Alice Pike Barney Studio House, 1933 (Library of Congress)
The distinctive Studio House on Washington, D.C.’s Sheridan Circle (currently owned by the Embassy of the Republic of Latvia) was built in 1903 for Alice Pike Barney, an artist, playwright, civic leader, and philanthropist. Born in Ohio in 1857, in the late 1800s she spent time in Paris studying painting and began a salon in the home she rented there.
Alice Barney, who had solo shows at the Corcoran Gallery of Art and other major galleries, dedicated her life in the nation’s capital to the support and promotion of the arts. She held regular salons in the Studio House, where she brought together artists, writers, politicians, diplomats, and other prominent guests in a delightful setting inspired by Mission and Arts and Crafts styles. She passed away in 1931 in Hollywood.
In 1960, Barney’s daughters Laura and Natalie donated the Studio House to the Smithsonian, and it changed hands several times before it became the Embassy of the Republic of Latvia in the United States in 2001.
Join independent researcher Mona Khademi for an evening at the Studio House—now on the National Registry of Historic Places—as she examines its interesting links to history, culture, and creativity.

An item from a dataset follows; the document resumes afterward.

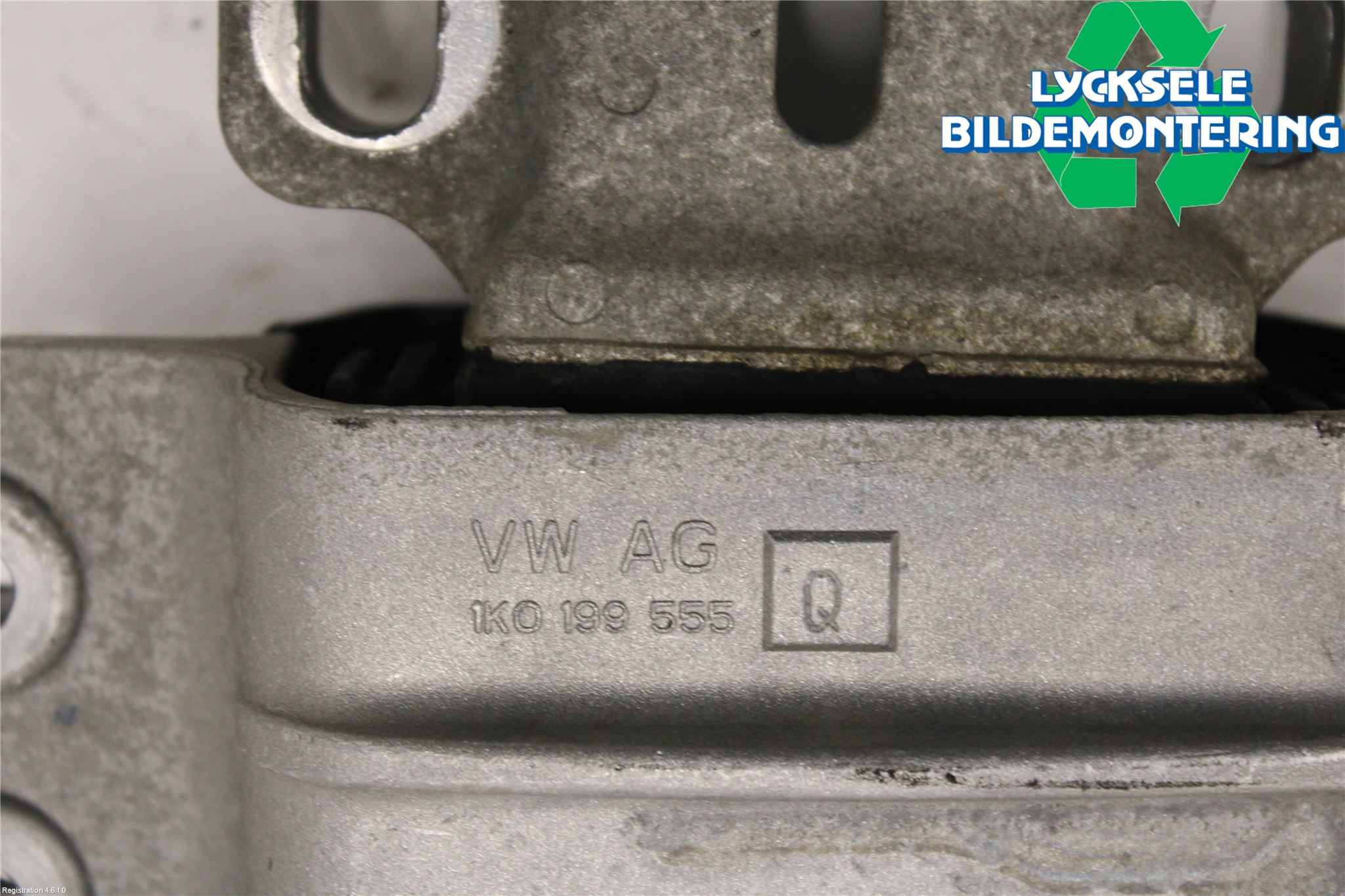 Skoda YETI Motorfäste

Khademi shares fascinating stories about the Studio House’s original owner and her notable guests; traces the house’s Smithsonian connections; and looks at its current life as an embassy.
Following the presentation, enjoy a light reception—and imagine yourself as a guest at one of Alice Pike Barney’s salons.
Khademi is the author of the new biography The Life of Laura Barney, based on 21 years of research, and the director of International Arts Management Consulting in Washington, D.C. Her articles have been published in a variety of journals, magazines, quarterlies, and books.